Saat dikonfirmasi, seorang pekerja lapangan mencoba mengelak dengan jawaban yang terkesan mengada-ada dan penuh kebingungan. Pernyataan, “Semuanya pakai sepatu, tapi ketutup lumut,” menjadi bentuk upaya pembodohan publik yang tidak bisa ditoleransi.
Uji lapangan yang dilakukan awak media membuktikan kebohongan tersebut. Bambu yang ditancapkan ke dasar bangunan tidak menemukan struktur lantai sepatu di bawahnya, bukti konkret adanya dugaan penghilangan item pekerjaan secara sistematis.
Menanggapi temuan ini, H. Cecep Budiman, Pejabat Pelaksana Teknis Kegiatan (PPTK) Kecamatan Kresek, menunjukkan sikap tanggap dan bertanggung jawab. Dalam pernyataan resminya melalui pesan WhatsApp, ia menyatakan:
“Besok ada tim yang cek ulang.”
“Hal mudah bagi saya mah… ya harus dibetulin total.”
Sikap tegas dan terbuka H. Cecep Budiman patut diapresiasi sebagai bentuk kesungguhan dalam menjaga akuntabilitas penggunaan dana publik. Namun, masyarakat tetap menagih janji dalam bentuk aksi nyata. Pernyataan berani tanpa eksekusi konkret hanya akan memperpanjang deret kegagalan dalam pengawasan proyek publik.
Bila dihitung secara kasar, untuk volume 95 m² tanpa lantai sepatu dengan spesifikasi lebar 40 cm dan tebal 15 cm, terdapat pengurangan batu kali sekitar 5,7 m³. Itu belum termasuk sisa volume 145 m² yang belum dikerjakan. Bila pola manipulasi ini terus berlanjut hingga akhir proyek, maka potensi kerugian negara bisa mencapai belasan juta rupiah hanya dari satu item pekerjaan. Sebuah bentuk kejahatan anggaran yang tidak bisa lagi dianggap remeh.
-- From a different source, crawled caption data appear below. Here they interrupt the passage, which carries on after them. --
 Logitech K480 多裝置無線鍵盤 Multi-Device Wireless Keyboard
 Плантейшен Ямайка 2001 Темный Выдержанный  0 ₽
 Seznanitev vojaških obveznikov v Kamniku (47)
Dan itu baru satu komponen. Belum termasuk hilangnya lapisan dasar, ketidaksesuaian dimensi atas, hingga finishing yang asal jadi. Proyek ini berpotensi lebih sebagai ancaman ketimbang solusi, jika tidak segera dilakukan evaluasi menyeluruh dan pembongkaran ulang.
Dugaan pelanggaran dalam proyek TPT Desa Renged bukan sekadar kelalaian teknis, tapi indikasi kuat kejahatan terstruktur yang diduga melibatkan unsur pelaksana untuk meraup keuntungan secara tidak sah.
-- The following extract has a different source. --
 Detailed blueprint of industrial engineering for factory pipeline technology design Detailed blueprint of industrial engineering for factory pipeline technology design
CV. Sarana Cipta Bangunan patut diperiksa secara menyeluruh oleh APH. Jika terbukti melakukan rekayasa volume, maka tindakan tegas wajib dijatuhkan: mulai dari pembongkaran pekerjaan yang tidak sesuai, penggantian kerugian negara, hingga sanksi pidana bila terbukti melanggar hukum.
Jangan biarkan uang rakyat menjadi tumbal dari kerakusan segelintir pihak yang menjadikan proyek sebagai ladang bancakan. Publik menunggu sikap tegas, bukan kompromi murahan.